Casa de la Tiá Leoncia

A los 9 años mis padres me compraron una Olivetti tras haber ahorrado las pagas semanales de varios meses que en mi mente infantil se hicieron interminables. A pesar de ello tenía la firme decisión de ser escritor, ya llevaba con esa idea desde el inicio de párvulos en el Colegio San Antonio de Lacoma. Me llevaron a «El 7», una tienda especializada en máquinas de escribir ubicada en la calle Bravo Murillo y ahí compramos una que todavía conservo. Mi primer cuento fueron unas escenas inconexas, la más importante mostraba a mi madre niña corriendo descalza por una calle del pueblo en un ambiente dramático, con la necesidad de la posguerra, de hambre y de miseria. Una escena que no explicaba nada pero que canalizaba mis temores infantiles de las historias, de las emociones que ya había escuchado.

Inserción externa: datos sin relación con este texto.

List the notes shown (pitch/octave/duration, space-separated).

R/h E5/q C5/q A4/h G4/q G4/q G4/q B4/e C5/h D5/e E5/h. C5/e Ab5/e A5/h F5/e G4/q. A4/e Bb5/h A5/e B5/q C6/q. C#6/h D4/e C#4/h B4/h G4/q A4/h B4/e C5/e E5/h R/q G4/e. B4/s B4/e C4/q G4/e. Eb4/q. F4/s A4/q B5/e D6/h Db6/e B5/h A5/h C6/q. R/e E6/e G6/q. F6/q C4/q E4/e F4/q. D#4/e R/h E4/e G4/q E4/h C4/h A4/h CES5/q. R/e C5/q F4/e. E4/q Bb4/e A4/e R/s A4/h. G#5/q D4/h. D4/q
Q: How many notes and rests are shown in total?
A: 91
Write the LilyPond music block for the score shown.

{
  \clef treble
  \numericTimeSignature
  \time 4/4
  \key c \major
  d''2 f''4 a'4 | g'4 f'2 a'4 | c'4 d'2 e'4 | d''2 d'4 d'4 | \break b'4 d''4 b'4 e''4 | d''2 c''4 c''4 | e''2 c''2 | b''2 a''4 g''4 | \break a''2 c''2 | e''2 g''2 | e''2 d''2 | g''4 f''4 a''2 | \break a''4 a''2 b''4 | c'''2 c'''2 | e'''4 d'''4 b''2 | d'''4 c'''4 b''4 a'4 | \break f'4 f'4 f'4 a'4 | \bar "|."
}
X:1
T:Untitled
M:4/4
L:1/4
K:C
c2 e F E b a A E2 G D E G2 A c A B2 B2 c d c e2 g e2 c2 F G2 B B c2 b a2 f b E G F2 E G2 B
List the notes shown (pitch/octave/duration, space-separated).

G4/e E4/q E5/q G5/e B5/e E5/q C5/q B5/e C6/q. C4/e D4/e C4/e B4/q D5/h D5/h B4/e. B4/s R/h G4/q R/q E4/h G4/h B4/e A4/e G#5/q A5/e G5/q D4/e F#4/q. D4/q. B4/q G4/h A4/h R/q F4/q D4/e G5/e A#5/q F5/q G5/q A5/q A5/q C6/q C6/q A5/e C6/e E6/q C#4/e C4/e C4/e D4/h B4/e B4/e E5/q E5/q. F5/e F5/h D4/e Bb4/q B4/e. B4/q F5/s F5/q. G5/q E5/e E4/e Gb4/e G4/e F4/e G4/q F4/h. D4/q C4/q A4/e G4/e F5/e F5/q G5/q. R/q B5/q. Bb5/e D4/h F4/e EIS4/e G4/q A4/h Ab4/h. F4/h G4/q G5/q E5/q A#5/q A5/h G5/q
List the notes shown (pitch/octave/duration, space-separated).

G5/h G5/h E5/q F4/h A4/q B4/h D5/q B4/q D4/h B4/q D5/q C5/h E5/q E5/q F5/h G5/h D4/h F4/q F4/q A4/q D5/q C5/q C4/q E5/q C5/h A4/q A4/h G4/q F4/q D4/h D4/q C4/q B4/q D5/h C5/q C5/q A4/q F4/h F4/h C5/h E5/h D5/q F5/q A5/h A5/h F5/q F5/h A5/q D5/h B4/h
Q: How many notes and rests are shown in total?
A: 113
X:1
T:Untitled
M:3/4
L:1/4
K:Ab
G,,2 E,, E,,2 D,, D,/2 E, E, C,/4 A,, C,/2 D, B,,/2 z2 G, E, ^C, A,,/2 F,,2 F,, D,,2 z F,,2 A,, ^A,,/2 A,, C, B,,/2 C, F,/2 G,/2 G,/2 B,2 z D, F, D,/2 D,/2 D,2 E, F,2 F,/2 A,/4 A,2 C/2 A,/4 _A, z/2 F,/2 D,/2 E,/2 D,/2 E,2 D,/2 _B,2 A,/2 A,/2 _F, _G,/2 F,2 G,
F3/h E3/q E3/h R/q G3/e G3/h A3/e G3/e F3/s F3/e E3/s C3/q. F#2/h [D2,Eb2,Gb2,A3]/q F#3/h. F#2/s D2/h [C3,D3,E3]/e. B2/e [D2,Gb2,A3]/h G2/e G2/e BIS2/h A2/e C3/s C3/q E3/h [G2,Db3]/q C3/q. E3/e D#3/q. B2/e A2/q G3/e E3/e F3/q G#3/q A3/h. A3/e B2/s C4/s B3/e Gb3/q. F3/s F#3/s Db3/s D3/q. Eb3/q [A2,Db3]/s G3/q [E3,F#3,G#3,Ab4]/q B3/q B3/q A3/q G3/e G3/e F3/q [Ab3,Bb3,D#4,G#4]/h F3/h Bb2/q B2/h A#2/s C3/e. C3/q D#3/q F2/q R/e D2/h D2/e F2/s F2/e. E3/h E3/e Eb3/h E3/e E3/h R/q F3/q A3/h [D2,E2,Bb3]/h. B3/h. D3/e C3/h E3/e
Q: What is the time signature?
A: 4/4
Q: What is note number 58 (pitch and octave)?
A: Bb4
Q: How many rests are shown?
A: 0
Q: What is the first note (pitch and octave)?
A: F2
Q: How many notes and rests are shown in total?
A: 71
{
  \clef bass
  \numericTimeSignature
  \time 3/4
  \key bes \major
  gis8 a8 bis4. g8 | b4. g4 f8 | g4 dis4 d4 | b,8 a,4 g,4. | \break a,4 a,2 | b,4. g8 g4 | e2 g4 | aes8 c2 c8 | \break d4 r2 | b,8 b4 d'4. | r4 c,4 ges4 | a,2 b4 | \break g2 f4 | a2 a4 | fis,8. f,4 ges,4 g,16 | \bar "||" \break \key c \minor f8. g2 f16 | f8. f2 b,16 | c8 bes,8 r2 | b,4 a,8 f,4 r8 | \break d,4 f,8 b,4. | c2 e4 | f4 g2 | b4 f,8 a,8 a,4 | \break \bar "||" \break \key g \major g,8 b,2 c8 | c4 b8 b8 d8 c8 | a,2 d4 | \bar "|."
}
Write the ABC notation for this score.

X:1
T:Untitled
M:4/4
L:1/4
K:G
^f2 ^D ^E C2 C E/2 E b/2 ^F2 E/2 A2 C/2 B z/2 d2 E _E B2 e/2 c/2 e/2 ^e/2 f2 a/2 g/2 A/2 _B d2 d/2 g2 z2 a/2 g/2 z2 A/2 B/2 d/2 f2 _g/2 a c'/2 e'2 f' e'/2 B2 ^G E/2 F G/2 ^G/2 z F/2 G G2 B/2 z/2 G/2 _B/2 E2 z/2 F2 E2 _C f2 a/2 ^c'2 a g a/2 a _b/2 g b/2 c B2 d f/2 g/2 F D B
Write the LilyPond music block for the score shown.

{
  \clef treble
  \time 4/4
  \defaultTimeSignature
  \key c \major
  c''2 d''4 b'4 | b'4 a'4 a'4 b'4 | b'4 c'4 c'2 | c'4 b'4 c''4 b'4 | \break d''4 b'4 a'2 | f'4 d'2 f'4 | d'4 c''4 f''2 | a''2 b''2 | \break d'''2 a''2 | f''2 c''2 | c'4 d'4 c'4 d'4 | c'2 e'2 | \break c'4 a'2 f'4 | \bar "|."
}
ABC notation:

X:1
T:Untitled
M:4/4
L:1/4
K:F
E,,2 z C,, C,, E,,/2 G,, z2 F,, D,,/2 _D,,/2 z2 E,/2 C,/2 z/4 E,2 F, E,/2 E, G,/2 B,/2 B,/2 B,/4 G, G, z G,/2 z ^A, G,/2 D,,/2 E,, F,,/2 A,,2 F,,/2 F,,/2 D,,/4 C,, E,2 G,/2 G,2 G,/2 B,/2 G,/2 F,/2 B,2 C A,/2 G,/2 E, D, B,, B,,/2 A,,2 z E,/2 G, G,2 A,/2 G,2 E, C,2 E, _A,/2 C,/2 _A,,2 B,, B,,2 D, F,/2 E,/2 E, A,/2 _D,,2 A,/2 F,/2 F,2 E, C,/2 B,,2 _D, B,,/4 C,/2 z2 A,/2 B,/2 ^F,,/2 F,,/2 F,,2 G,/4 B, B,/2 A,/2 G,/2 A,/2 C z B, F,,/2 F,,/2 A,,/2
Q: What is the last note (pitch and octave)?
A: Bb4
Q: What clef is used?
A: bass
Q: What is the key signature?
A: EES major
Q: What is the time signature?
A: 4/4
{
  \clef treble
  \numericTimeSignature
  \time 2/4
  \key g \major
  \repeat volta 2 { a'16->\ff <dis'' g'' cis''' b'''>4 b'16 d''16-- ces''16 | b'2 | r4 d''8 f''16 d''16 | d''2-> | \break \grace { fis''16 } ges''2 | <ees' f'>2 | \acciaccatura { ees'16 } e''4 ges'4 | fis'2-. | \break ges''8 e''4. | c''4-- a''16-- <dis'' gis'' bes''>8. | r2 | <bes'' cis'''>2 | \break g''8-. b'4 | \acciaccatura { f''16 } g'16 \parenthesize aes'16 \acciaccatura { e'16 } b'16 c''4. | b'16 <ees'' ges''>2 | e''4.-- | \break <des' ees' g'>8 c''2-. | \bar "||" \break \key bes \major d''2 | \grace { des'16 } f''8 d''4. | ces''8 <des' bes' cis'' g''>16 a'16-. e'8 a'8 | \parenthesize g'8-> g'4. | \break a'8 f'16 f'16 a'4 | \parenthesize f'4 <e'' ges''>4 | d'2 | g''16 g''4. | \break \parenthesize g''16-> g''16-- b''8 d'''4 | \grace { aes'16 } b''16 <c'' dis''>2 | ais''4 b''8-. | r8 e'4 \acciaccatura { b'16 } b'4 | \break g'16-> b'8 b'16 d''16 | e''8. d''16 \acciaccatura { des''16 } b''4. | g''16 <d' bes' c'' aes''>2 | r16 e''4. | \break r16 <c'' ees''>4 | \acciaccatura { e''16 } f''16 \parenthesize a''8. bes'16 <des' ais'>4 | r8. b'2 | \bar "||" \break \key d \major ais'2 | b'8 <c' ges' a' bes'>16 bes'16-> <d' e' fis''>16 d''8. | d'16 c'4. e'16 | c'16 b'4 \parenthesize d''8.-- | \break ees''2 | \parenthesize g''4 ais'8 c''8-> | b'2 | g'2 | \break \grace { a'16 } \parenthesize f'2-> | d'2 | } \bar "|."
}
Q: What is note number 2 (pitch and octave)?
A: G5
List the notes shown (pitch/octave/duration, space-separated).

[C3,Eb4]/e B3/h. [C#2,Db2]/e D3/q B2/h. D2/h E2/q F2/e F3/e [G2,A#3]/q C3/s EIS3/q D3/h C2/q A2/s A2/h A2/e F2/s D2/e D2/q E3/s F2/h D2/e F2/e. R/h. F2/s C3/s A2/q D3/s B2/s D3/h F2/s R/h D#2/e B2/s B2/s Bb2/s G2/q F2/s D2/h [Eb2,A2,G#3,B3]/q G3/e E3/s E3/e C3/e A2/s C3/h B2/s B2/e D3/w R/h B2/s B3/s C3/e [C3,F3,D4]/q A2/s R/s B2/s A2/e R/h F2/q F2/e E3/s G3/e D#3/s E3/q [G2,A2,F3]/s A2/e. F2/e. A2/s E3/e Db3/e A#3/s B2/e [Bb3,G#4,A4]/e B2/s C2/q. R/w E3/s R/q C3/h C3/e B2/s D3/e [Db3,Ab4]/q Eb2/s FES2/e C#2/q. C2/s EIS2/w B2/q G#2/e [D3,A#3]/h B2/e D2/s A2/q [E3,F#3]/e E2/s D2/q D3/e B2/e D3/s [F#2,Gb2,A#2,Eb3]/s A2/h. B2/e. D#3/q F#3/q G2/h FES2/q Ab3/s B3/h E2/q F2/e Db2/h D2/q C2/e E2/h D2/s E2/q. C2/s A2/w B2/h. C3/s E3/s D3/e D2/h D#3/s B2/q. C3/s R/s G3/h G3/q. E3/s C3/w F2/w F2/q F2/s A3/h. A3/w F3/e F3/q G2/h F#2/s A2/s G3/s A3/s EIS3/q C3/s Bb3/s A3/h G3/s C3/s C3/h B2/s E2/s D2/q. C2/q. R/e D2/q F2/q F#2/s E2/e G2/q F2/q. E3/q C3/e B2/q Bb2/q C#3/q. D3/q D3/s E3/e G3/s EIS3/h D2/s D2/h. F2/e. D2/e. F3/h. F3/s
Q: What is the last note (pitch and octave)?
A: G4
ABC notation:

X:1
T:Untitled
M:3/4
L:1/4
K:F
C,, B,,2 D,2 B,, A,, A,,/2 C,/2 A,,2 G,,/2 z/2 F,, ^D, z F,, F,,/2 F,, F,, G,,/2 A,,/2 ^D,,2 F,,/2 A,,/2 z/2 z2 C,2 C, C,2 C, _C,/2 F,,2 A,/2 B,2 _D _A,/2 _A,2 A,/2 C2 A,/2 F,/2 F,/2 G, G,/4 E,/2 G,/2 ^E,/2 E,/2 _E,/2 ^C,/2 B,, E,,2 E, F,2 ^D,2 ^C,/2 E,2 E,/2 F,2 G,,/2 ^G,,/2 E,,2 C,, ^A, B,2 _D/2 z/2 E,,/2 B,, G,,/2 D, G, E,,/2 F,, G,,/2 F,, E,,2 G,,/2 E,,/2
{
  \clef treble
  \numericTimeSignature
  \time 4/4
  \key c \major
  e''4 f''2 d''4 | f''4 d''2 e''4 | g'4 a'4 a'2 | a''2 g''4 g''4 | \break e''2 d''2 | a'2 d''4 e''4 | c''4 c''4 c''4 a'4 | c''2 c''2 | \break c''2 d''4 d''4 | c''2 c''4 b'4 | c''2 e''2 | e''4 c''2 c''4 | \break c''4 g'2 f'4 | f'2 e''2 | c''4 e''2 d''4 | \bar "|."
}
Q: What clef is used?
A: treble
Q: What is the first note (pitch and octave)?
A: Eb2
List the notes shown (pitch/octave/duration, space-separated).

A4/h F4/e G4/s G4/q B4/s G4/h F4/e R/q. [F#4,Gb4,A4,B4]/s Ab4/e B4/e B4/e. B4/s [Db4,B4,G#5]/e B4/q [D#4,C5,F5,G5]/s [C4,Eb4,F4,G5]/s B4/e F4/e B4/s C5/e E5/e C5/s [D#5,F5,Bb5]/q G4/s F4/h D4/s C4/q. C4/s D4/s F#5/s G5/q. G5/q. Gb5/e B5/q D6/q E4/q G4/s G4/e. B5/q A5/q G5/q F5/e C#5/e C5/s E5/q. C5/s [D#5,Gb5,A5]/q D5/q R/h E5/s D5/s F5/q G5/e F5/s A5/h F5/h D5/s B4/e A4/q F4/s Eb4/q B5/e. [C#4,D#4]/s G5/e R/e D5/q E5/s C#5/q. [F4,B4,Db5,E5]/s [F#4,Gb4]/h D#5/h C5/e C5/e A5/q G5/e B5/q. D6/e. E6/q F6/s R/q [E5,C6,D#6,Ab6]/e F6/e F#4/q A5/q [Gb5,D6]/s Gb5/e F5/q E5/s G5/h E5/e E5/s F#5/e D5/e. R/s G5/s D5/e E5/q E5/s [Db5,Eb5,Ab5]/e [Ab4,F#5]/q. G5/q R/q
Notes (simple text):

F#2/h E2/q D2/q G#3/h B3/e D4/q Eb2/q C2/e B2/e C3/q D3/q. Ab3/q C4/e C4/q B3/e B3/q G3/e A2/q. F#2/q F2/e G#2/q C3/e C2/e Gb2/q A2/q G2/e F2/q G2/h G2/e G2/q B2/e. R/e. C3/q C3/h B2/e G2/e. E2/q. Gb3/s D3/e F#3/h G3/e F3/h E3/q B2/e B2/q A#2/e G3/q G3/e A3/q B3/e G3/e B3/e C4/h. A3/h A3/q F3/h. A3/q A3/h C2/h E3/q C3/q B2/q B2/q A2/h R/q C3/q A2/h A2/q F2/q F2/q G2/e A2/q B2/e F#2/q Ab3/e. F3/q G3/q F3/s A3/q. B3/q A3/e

En La Casa de la Tiá Leoncia aparece un cruce de calles que da acceso a una zona alta del pueblo, las eras, y baja directamente a la plaza, la misma calle por la que mi madre corría descalza en el primer cuento que recuerdo haber escrito. La luz del sol entra por la derecha e ilumina una pared de la casa, el barro con el que las pintan tiene una función antiséptica y eleva el color de la tierra en 2 plantas de vivienda. Las ventanas y puertas sin ningún plan para la simetría no ayuda en nada al transeúnte si desea pensar que todo en la naturaleza sigue una norma en busca de la belleza. El lugar conveniente de una ventana surge de la necesidad y la circunstancia. La casa de la derecha, más pequeña, muestra un espacio, una calle donde asoman las traseras de varias casas. En una de ellas vivió mi tío Ángel.

Del cuento me deshice cuando terminé Filología Inglesa, reacción del joven engreído recién titulado con el niño escritor. Este cuadro es el recuerdo de aquel cuento.